Problem statement:
With the pictures left out, write out exactly the lines of the listing below that run from the line with "Script Mr and" through the line with "H&M - Mama before".

-- Extracted records follows --

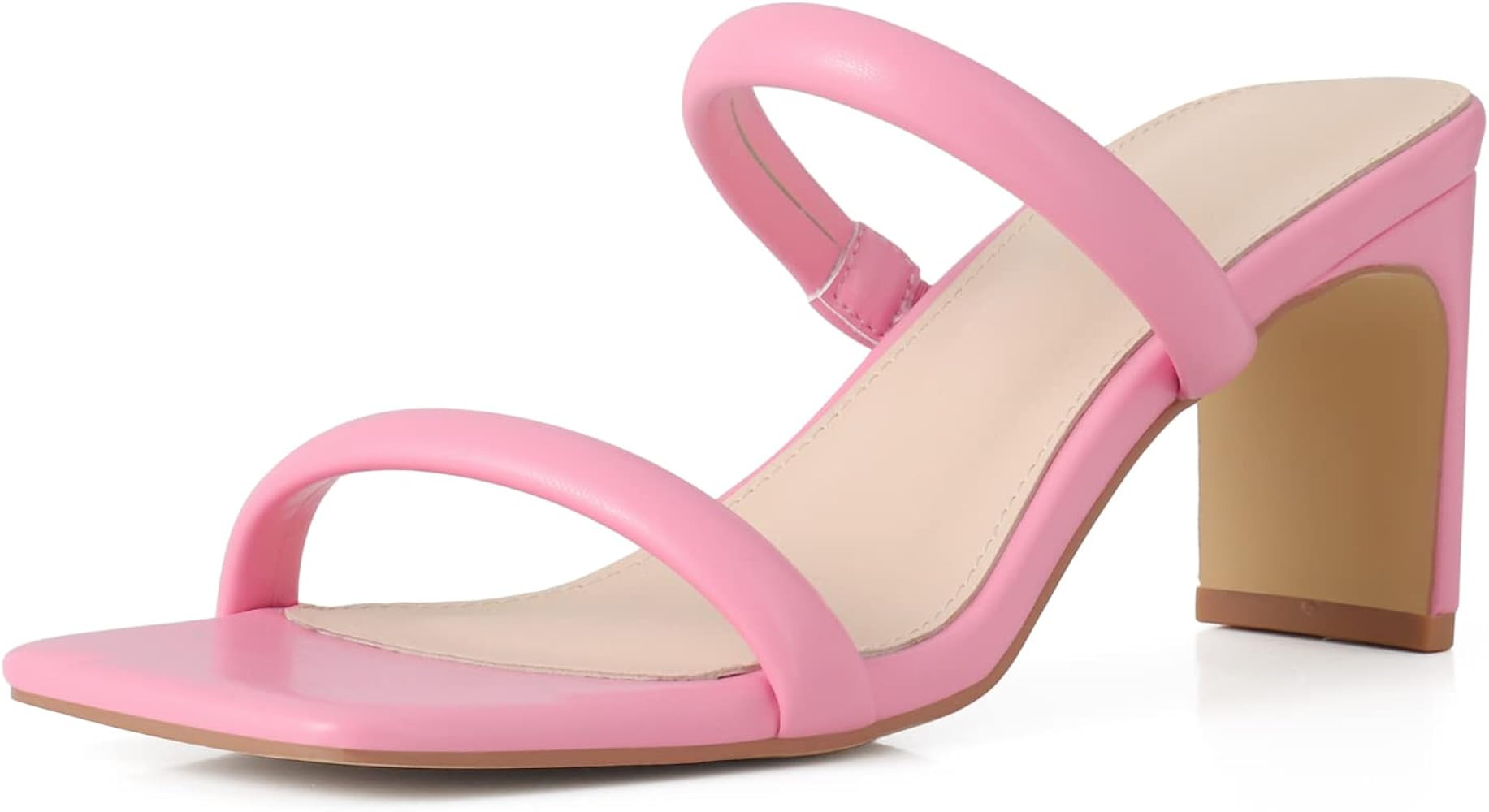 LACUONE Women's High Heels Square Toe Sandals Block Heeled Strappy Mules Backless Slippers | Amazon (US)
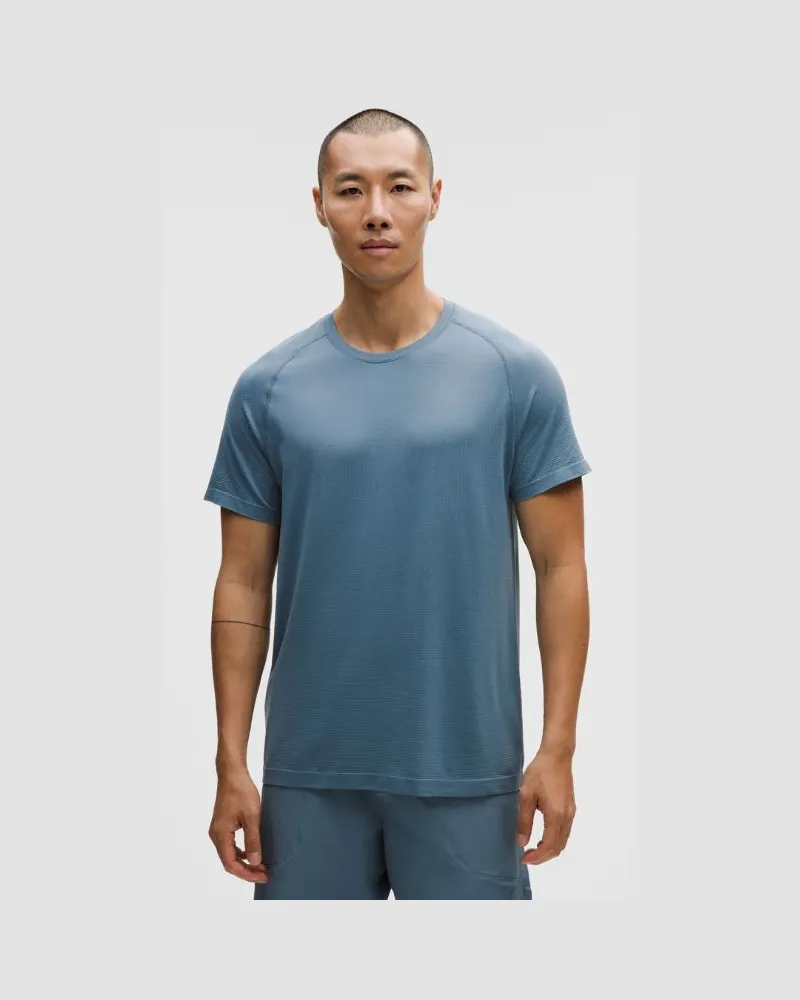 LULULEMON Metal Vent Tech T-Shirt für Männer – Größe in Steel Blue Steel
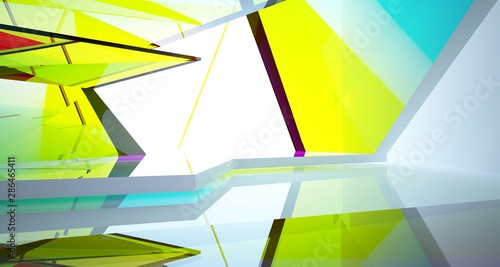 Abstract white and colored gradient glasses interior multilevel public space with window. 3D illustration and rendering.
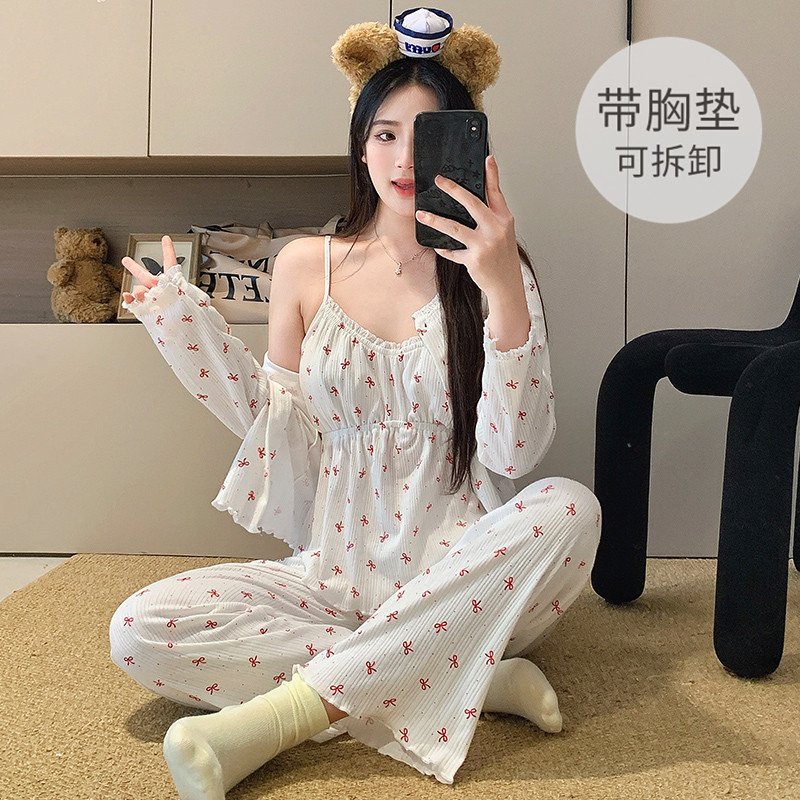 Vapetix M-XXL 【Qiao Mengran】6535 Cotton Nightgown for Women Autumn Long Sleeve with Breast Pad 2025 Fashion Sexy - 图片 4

-- Extracted records concluded --
-- Extracted records follows --

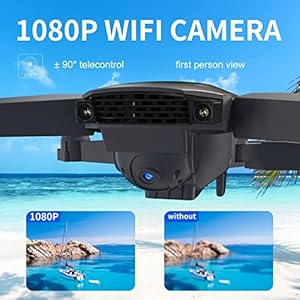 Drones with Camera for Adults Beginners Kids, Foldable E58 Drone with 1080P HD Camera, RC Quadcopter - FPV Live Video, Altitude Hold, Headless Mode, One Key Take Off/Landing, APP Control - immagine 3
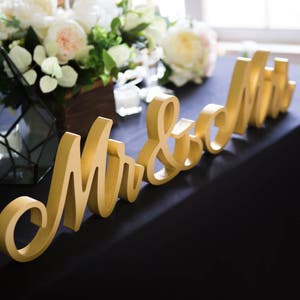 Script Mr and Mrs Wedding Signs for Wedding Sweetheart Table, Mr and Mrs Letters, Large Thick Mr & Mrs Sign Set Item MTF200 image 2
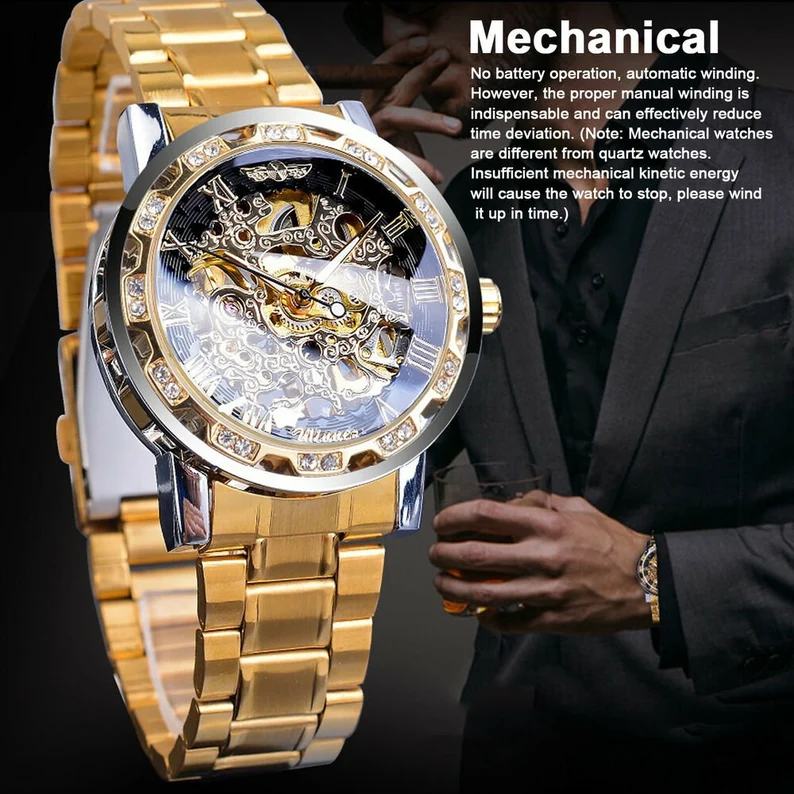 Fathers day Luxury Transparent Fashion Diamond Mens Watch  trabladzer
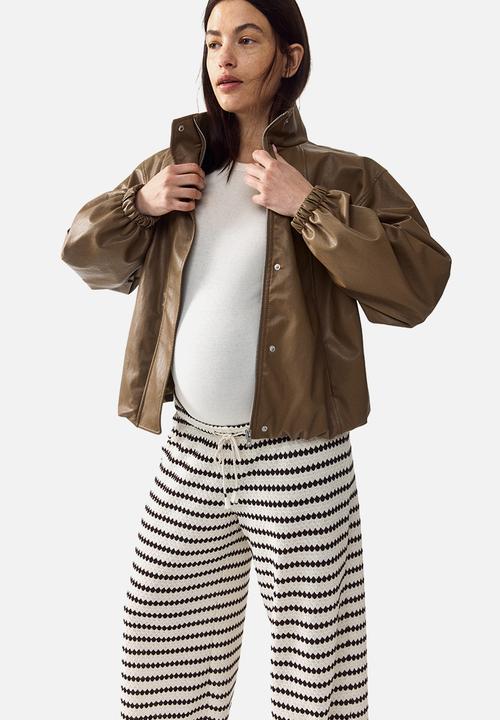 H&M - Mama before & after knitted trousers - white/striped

-- Extracted records concluded --

Result of this exercise:
 Script Mr and Mrs Wedding Signs for Wedding Sweetheart Table, Mr and Mrs Letters, Large Thick Mr & Mrs Sign Set Item MTF200 image 2
 Fathers day Luxury Transparent Fashion Diamond Mens Watch  trabladzer
 H&M - Mama before & after knitted trousers - white/striped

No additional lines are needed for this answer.